How did Pope Gregory
XIII modify the Calendar to that which we use currently?
The Julian calendar year of 365.25 days was too long, since the correct value for the tropical year is 365.242199 days. This error of 11 minutes 14 seconds per year amounted to almost one and a half days in two centuries, and seven days in 1,000 years. Once again the calendar became increasingly out of phase with the seasons.
By 1545, however, the vernal equinox, which was used in determining Easter, had moved 10 days from its proper date; and in December, when the Council of Trent met for the first of its sessions, it authorized Pope Paul III to take action to correct the error. Correction required a solution, however, that neither Paul III nor his successors were able to obtain in satisfactory form until nearly 1572, the year of election of Pope Gregory XIII. Gregory found various proposals awaiting him and agreed to issue a bull that the Jesuit astronomer Christopher Clavius (1537-1612) began to draw up, using suggestions made by the astronomer and physician Luigi Lilio (also known as Aloysius Lilius; died 1576).

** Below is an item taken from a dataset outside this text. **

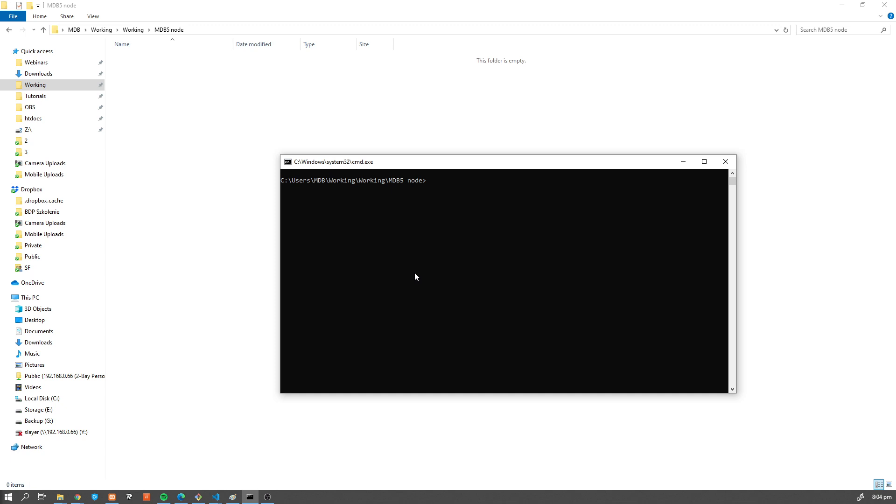Hey guys, it's David from mdbootstrap.com. Very often you ask me how to use MDBootstrap in your Node.js project, so in this video I'm going to show you how to quickly set up a new project using MDBootstrap and Express. So without further ado, let's get started.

To bring the year closer to the true tropical year, a value of 365.2422 days was accepted. This value differed by 0.0078 days per year from the Julian calendar reckoning, amounting to 0.78 days per century, or 3.12 days every 400 years. It was therefore promulgated that three out of every four centennial years should be common years, that is, not leap years; and this practice led to the rule that no centennial years should be leap years unless exactly divisible by 400. Thus, 1700, 1800, and 1900 were not leap years, as they would have been in the Julian calendar, but the year 2000 will be.
Are Jews allowed to
fight on the Sabbath?
In Maccabean times (2nd century BC) observance of the Sabbath was so strict that the Jews allowed themselves to be slaughtered on that day rather than take up arms to defend themselves. Realizing that such an attitude could mean their extinction, the Jews determined to fight if attacked again on the Sabbath. The Talmud sanctioned this decision and said that 39 general categories of forbidden works were suspended when life or health were seriously endangered, for "the Sabbath was given to man, not man to the Sabbath."